本コラムでは、アルゴリズム管理と労働関係の変容に着目し、先行知見を紹介しながら考察していきます。企業や消費者に利益が集まりやすいと言われる事例が報告されている一方、アルゴリズム管理そのものが労使対立を生むと論じる研究もあります。さらに、団体交渉の枠組みの中でアルゴリズムの透明性を確保しようとする取り組みや、製造業における導入事例を従来の労働組合との交渉力の観点から検討した研究など、多岐にわたる議論が積み重ねられています。
労働者保護の視点からは懸念が語られることが多い一方で、効率を求める立場からは必要性が唱えられ、消費者からは利便性の高さが歓迎されるなど、アルゴリズム管理は複雑な立場を映し出す現象でもあります。今後ますます拡大することが予想されるこの仕組みを理解するうえで、先行研究を思考の頼りにすることは一定の意義があるでしょう。
アルゴリズム管理の利益は企業と消費者に偏る
アルゴリズム管理は、プラットフォーム労働を中心に広く取り入れられてきました。ある研究では、UberやAmazonなどの事例を整理し、アルゴリズムを用いた労働管理が企業と消費者にはコスト削減や利便性という形で恩恵をもたらしていると説明しています[1]。
タスクの割り振りから顧客評価、報酬計算までを自動化すれば、人間の管理者が直接介入する必要が薄れるため、企業側には人的コストが軽減されます。しかも、消費者の立場から見ると、サービスの提供速度や料金表示の明瞭さ、予約の容易さなどにメリットが生じます。デジタルプラットフォームの利用者は、短時間で注文ができて、到着時刻がわかりやすく表示される仕組みを好む傾向があるでしょう。
一方、労働者にとっては自由に働く時間や場所を選べるように見えながら、実際には注文を受け続けないと収入が得られにくいという構造があると報告されています。柔軟性があると謳われていても、「常時接続」状態を維持しなければ安定的な収入につながらないのです。アルゴリズムによる評価システムが厳格に運用されると、労働者が高評価を得るために長時間ログインを迫られます。

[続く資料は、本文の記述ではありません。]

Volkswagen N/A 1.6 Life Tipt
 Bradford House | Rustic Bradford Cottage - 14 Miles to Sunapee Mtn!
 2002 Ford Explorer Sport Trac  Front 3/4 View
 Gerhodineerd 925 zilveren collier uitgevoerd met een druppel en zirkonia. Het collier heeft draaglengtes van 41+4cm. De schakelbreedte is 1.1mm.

アルゴリズム管理によって得られる利益は誰が享受しているのでしょうか。企業側には効率化とコスト削減、消費者にはサービスの快適化が行き渡る一方で、労働者は雇用の不安定化や健康リスクなどを抱えるリスクがある、という議論があります。労働者が手にするはずの柔軟な働き方は一面にすぎず、その内実を調べてみると、評価システムやアルゴリズムによるモニタリングによって逆に時間的拘束が増大している点が強調されています。

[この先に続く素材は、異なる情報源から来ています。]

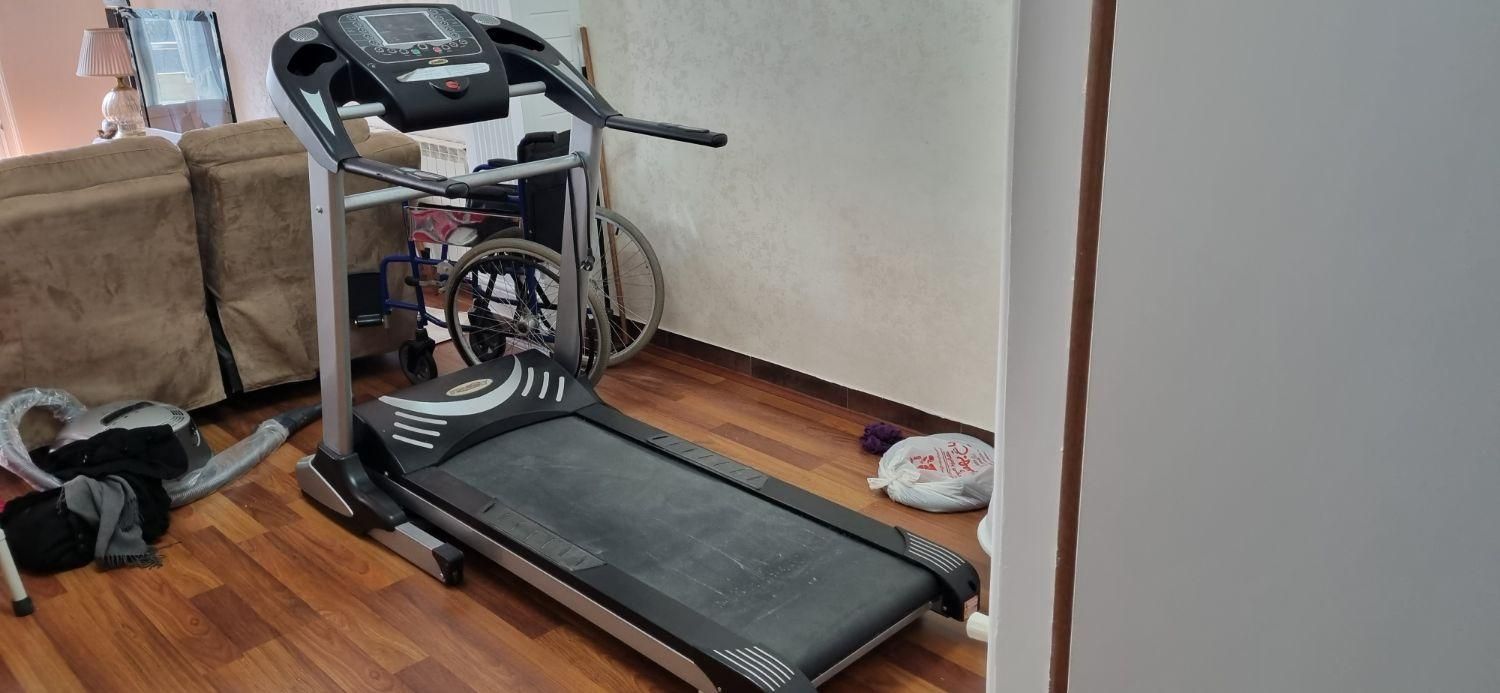 یکدستگاه ترد میل کم کارکرد|تجهیزات ورزشی|رشت, گلسار|دیوار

ただし、もちろん、こうした結果をすべての企業やプラットフォームに当てはめられるわけではありません。あくまで文献レビューに基づいた議論として報告されているものであり、比較的規模が大きいプラットフォームで顕著かもしれません。いずれにせよ、企業と消費者に利点が偏りやすい状況をどう考えるかは、今後の検討課題として残されています。
アルゴリズム管理が労使の対立を強調する
アルゴリズム管理が労使間の緊張をどのように形作るかを扱う研究があります。そこでは主に、HRテクノロジーを提供する企業がウェブサイトなどでアルゴリズム管理を宣伝するときの表現に焦点を当てた研究です[2]。特定のケースにおいては、労働者を「怠惰になりがち」あるいは「時間を浪費してしまう人々」として描き、アルゴリズムによって監視・統制する必要性をアピールしていることが読み取れるようです。

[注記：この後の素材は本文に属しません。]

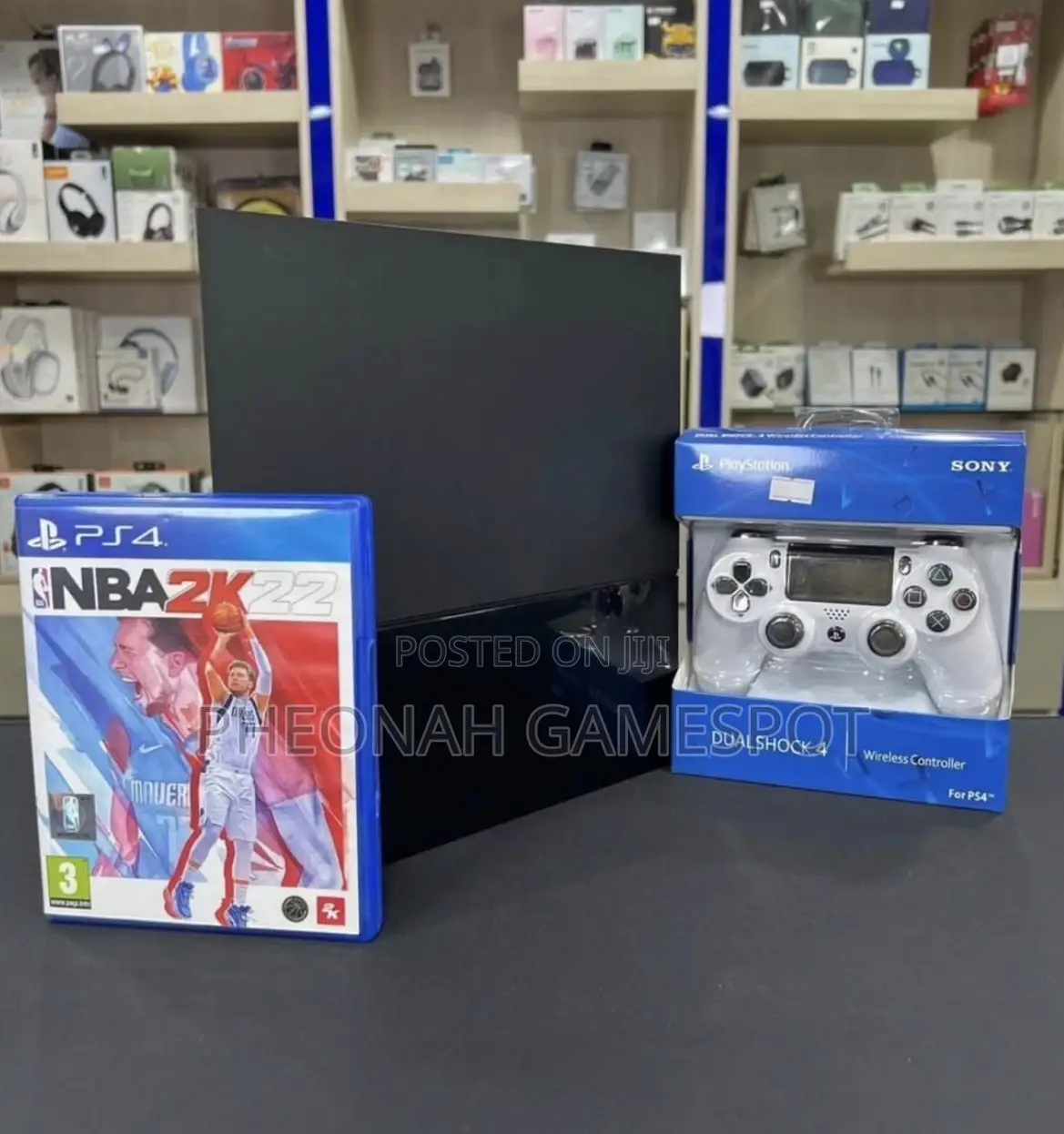 Playstation 4, 2 Pads, 20 Great Games Ready Inside.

こうしたマーケティング表現は、経営者に向けて「在宅勤務や分散労働を管理する上で有用」と訴求するために、従業員の生産性を問題化し、管理ツールが管理者の手足となって従業員をしっかり監督するという構図を前面に出します。これによって、仕事をサボる従業員とそれを取り締まる管理者という対立的な図式が作り出されます。
この分析に基づけば、アルゴリズム管理が単に「便利だから導入される」ものではなく、ビジネス上の宣伝を通して労使の溝を深める要因となり得ます。労働者に対する信頼が損なわれる一方、管理の手法がテクノロジーに委ねられることで、現場の管理職の立場すらも曖昧になる側面があります。すなわち、管理者は高度な判断力ではなく、アルゴリズムを導入する際の費用対効果を評価する存在へと位置づけられ、現場のリーダーシップが希薄化する懸念もあります。
こうした状況下で、労使双方が直接的に話し合うより前に、「従業員は監視されるべき存在」という見方が広まっていくと、労使間のコミュニケーションがぎくしゃくする恐れがあります。アルゴリズム管理には、労使間の相互理解を育む可能性もあれば、あらかじめ対立を先鋭化させる要素が組み込まれる可能性もあると言えます。
アルゴリズム管理の透明性を団体交渉で確保
ヨーロッパを中心に、アルゴリズム管理を扱う際に団体交渉を通じて透明性を求める動きが見られた例が紹介されています。ある研究によれば、アルゴリズムによる差別リスクやプライバシー侵害、勤務スケジュールの自動決定にともなう健康被害などを問題視し、労働組合が交渉に乗り出す事例が出てきています[3]。スペインやイタリアなどでは、配車サービスやフードデリバリーの企業と労働組合が協定を結び、アルゴリズムの判断基準を可能な範囲で公開したり、評価手法の公正さをチェックしたりする場が設けられています。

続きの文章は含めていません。